[OpenMP][CUDA] Refine the logic to determine grid size

This patch refines the logic to determine grid size as previous method can escape the check of whether `CudaBlocksPerGrid` could be greater than the actual hardware limit.
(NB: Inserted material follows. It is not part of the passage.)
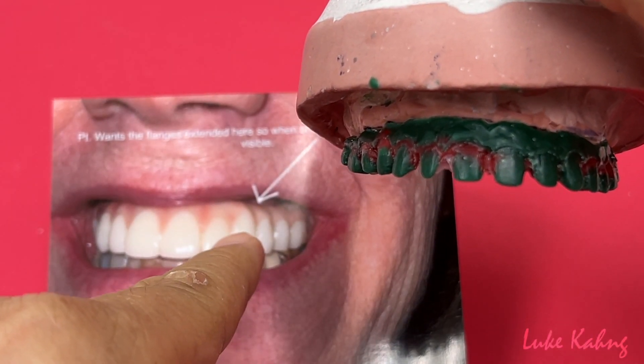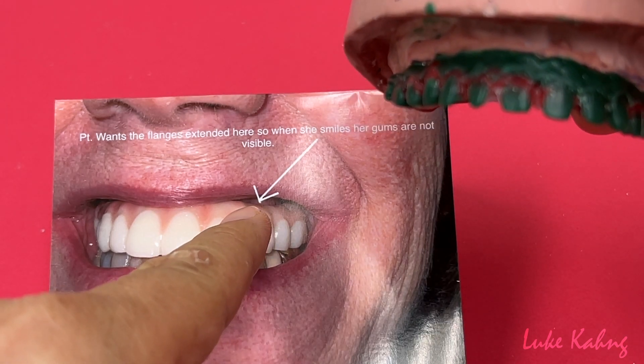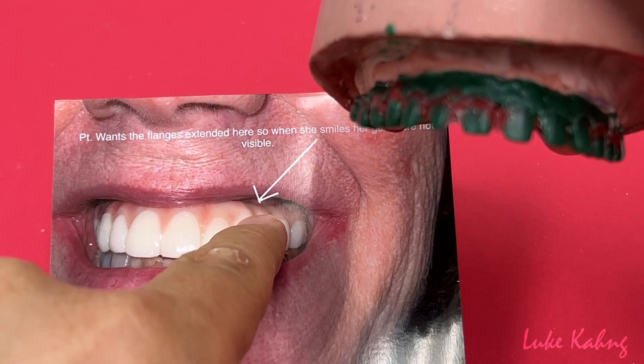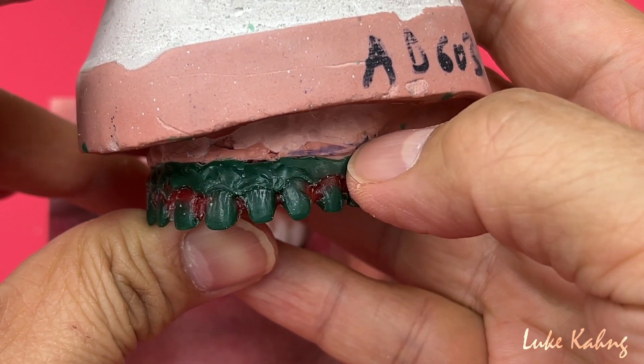This doctor indicated the patient with the gumline extended here, so when she smiled her gums are not visible. That area is really extended, so we have to extend it a little bit as well.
Reviewed By: jdoerfert Differential Revision: https://reviews.llvm.org/D119311
2022-02-10 14:13:18 -05:00 · 2022-02-10 14:13:18 -05:00 · f6685f7746
parent 547a667cee
commit f6685f7746
1 changed files with 6 additions and 4 deletions
--- a/openmp/libomptarget/plugins/cuda/src/rtl.cpp
+++ b/openmp/libomptarget/plugins/cuda/src/rtl.cpp
@ -1170,15 +1170,17 @@ public:
        DP("Using default number of teams %d\n", DeviceData[DeviceId].NumTeams);
        CudaBlocksPerGrid = DeviceData[DeviceId].NumTeams;
      }
-    } else if (TeamNum > DeviceData[DeviceId].BlocksPerGrid) {
-      DP("Capping number of teams to team limit %d\n",
-         DeviceData[DeviceId].BlocksPerGrid);
-      CudaBlocksPerGrid = DeviceData[DeviceId].BlocksPerGrid;
    } else {
      DP("Using requested number of teams %d\n", TeamNum);
      CudaBlocksPerGrid = TeamNum;
    }

+    if (CudaBlocksPerGrid > DeviceData[DeviceId].BlocksPerGrid) {
+      DP("Capping number of teams to team limit %d\n",
+         DeviceData[DeviceId].BlocksPerGrid);
+      CudaBlocksPerGrid = DeviceData[DeviceId].BlocksPerGrid;
+    }
+
    INFO(OMP_INFOTYPE_PLUGIN_KERNEL, DeviceId,
         "Launching kernel %s with %d blocks and %d threads in %s mode\n",
         (getOffloadEntry(DeviceId, TgtEntryPtr))